> WORK REQUEST
The data below should be restated word for word, pictures omitted.

> INFORMATION PROVIDED
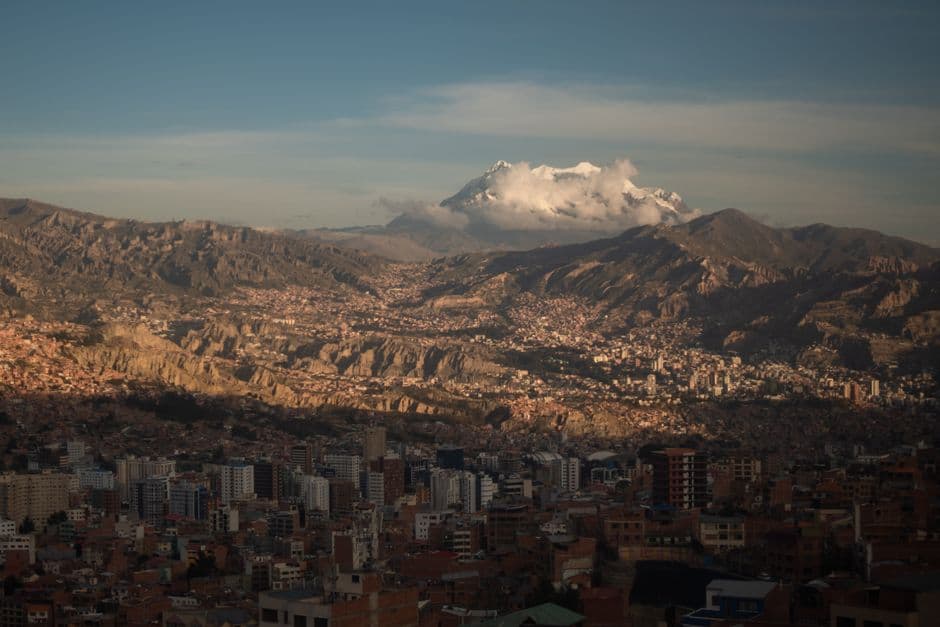Vista panorámica de La Paz y una montaña nevada, en el chat de Calamarca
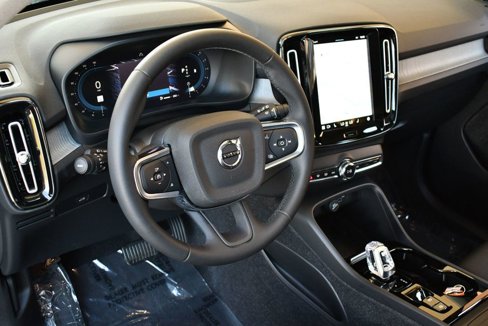 Used 2024 Volvo XC40 B5 Plus image 37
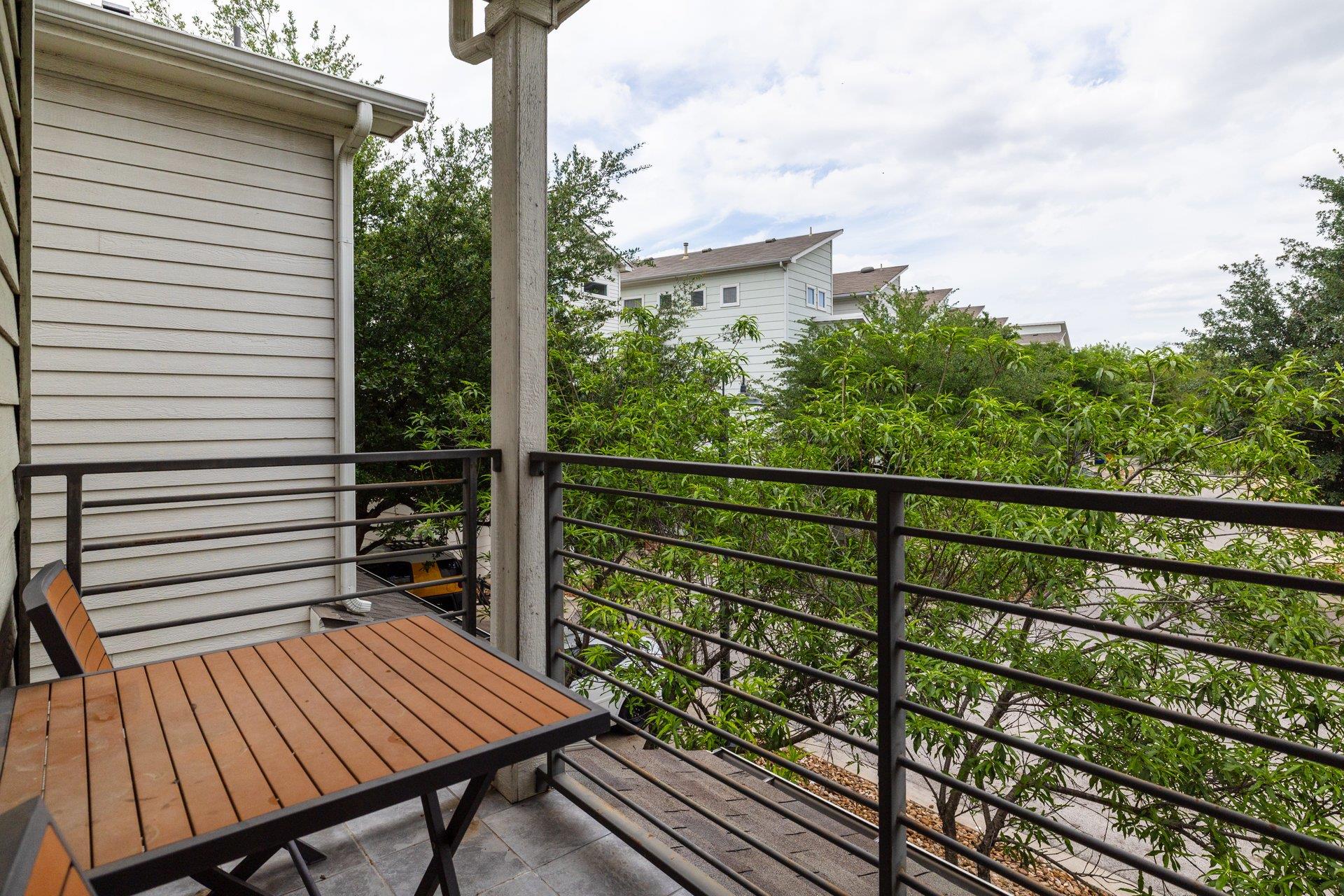 2705 Halcyon Dr # 7, Austin, TX 78702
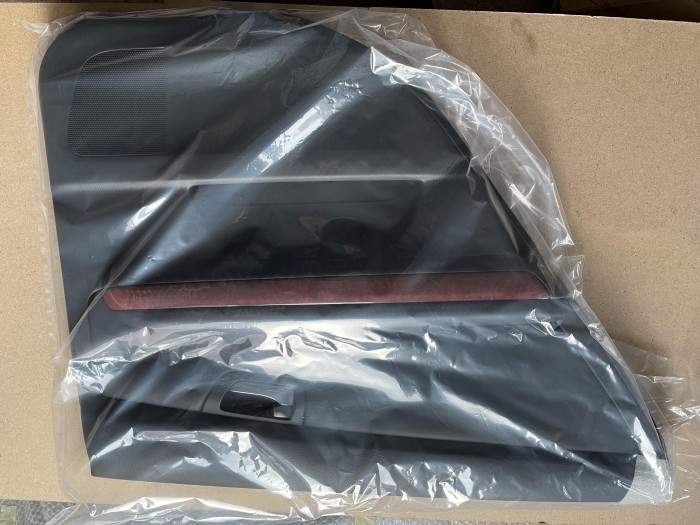 Обшивка двери задней левой Lexus RX300 6764048240C1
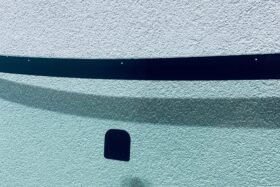 ПРЕДНО СТЪКЛО MITSUBISHI L-200 III 2006-2015/PAJERO SPORT 2009--2 на ниска цена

> PROBLEM SOLUTION
Vista panorámica de La Paz y una montaña nevada, en el chat de Calamarca
 Used 2024 Volvo XC40 B5 Plus image 37
 2705 Halcyon Dr # 7, Austin, TX 78702
 Обшивка двери задней левой Lexus RX300 6764048240C1
 ПРЕДНО СТЪКЛО MITSUBISHI L-200 III 2006-2015/PAJERO SPORT 2009--2 на ниска цена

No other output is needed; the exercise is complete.